Saturday, September 3, 2016

Garden

Around 2006–07, the trees which made Bengaluru the “Garden City” absconded overnight. The city had to suffer through various projects like road widening and metro construction, all of which needed century-old trees to be torn down. A 33-year-old software engineer, hailing from the north but unconditionally in love with the green glory of the south where he worked as an IT professional, answered the wake-up call of nature that most others turned a blind eye to. He made the decision to save Bengaluru’s greenery when he witnessed the brutal mass-felling of trees day after day. He simply could not wrap his head around what version of development this city was edging towards.
“Bangalore was heaven till 2005; there was no summer. It would rain here when the entire country used to burn in summer. But that glory started waning eight years ago. Every day, the trees I would pass and adore on my long commute to work were being brought down.” Wondering what hellish destiny awaited his beloved city if this kept up, he started visiting BBMP offices on weekends with some pressing questions surrounding these tree killings. “They never expected this from a guy who came from north India and was only working in Bangalore. Finally, I decided that I have to plant more and more trees to make sure Bangalore retains its green cover and my lovely Garden City remains a garden and not a concrete jungle,” says Kapil Gupta.
Keeping his day job as a software engineer, he decided to dedicate the entire remainder of his time to the initiative he coined, conceptualised, and christened ‘SayTrees.’ Aware of the fact that trees planted on the sides of the roads would always be in danger as roads widened, he started looking for places where development projects would not disturb the saplings — like any empty, unused land masses in the city, lakes, parks, etc.
A simple means to an all-powerful end, Kapil, a one-man army defending the green cover of a city identified by it, reduced the problem to bare bones, and worked out a super-rudimentary plan of action.

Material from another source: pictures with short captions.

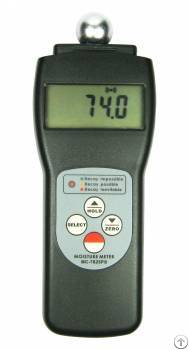 Foam Moisture Meter Mc-7825f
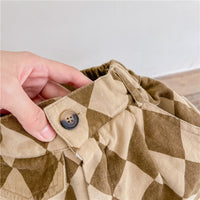 Harlequin Chino Trousers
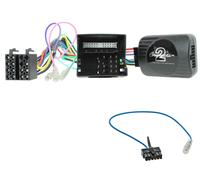 Connects2 CAN-Bus- Lenkradadapter für Ford CAN-Bus Kenwood- 42-FO-703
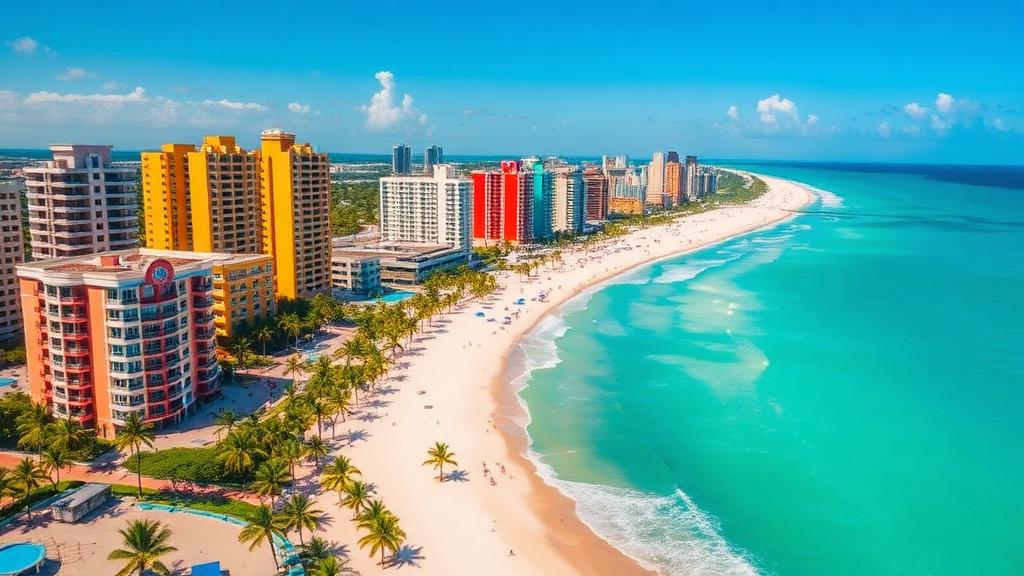 15 Dias Roadtrip Miami a Orlando - Roteiro de 15 dias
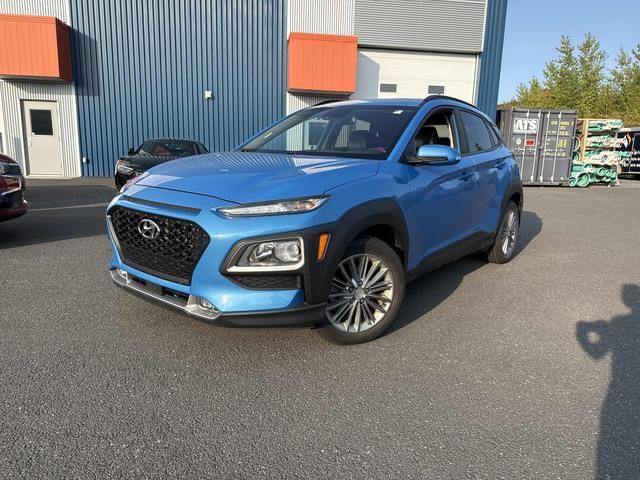 2019 Hyundai Kona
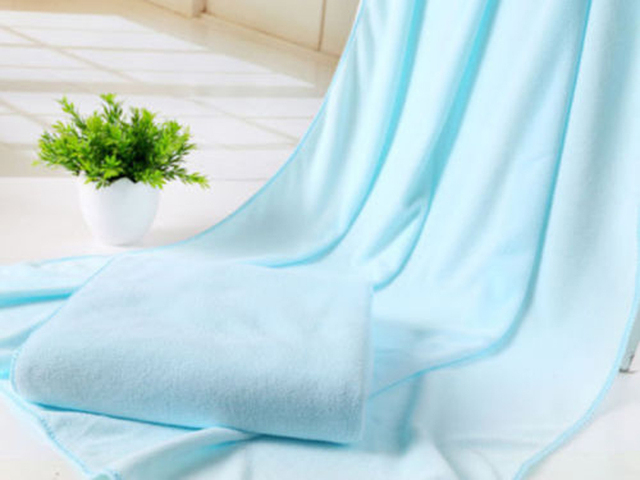 Ręcznik do włosów - Miękka mikrofibra, szybkoschnący, chłonny, kąpielowy, prysznicowy - Wianko - 8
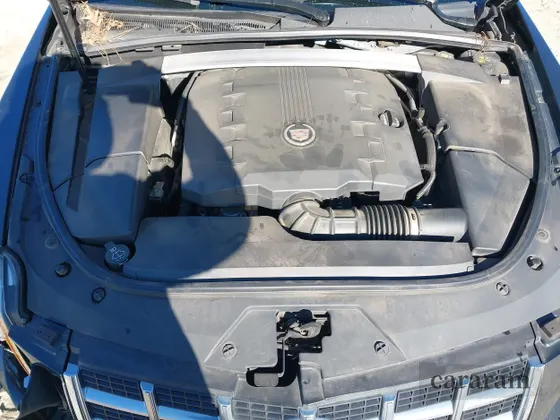 2014 Cadillac CTS Premium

While laying the groundwork, he also noticed that corporates wanted to help, but lacked the resources to construct a roadmap and chart a trajectory. For such organisations, Kapil took it upon himself to lay the complete blueprint, get the resources and materials in order, set up the project and finally, hand the execution over to the corporate bodies on D-day, who would then turn it into a CSR activity that would engage all their employees.